§ **What to work on**:
Copy down the listing below exactly, please, including every line.

§ **Working data**:

━━━━

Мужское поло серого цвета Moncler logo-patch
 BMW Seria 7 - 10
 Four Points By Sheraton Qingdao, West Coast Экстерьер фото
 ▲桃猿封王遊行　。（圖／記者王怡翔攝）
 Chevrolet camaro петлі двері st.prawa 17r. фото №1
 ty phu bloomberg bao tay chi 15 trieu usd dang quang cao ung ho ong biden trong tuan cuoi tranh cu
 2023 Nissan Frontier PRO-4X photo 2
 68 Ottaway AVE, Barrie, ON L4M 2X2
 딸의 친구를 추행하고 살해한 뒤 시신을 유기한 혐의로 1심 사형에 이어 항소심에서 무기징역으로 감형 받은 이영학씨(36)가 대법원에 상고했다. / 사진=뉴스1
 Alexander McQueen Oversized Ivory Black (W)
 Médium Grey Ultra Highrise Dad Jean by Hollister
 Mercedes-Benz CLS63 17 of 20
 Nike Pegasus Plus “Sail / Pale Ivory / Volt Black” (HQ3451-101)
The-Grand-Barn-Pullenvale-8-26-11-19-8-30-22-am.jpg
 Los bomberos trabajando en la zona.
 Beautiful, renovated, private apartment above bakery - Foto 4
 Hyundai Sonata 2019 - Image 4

━━━━

§ **Result of this exercise**:
Мужское поло серого цвета Moncler logo-patch
 BMW Seria 7 - 10
 Four Points By Sheraton Qingdao, West Coast Экстерьер фото
 ▲桃猿封王遊行　。（圖／記者王怡翔攝）
 Chevrolet camaro петлі двері st.prawa 17r. фото №1
 ty phu bloomberg bao tay chi 15 trieu usd dang quang cao ung ho ong biden trong tuan cuoi tranh cu
 2023 Nissan Frontier PRO-4X photo 2
 68 Ottaway AVE, Barrie, ON L4M 2X2
 딸의 친구를 추행하고 살해한 뒤 시신을 유기한 혐의로 1심 사형에 이어 항소심에서 무기징역으로 감형 받은 이영학씨(36)가 대법원에 상고했다. / 사진=뉴스1
 Alexander McQueen Oversized Ivory Black (W)
 Médium Grey Ultra Highrise Dad Jean by Hollister
 Mercedes-Benz CLS63 17 of 20
 Nike Pegasus Plus “Sail / Pale Ivory / Volt Black” (HQ3451-101)
The-Grand-Barn-Pullenvale-8-26-11-19-8-30-22-am.jpg
 Los bomberos trabajando en la zona.
 Beautiful, renovated, private apartment above bakery - Foto 4
 Hyundai Sonata 2019 - Image 4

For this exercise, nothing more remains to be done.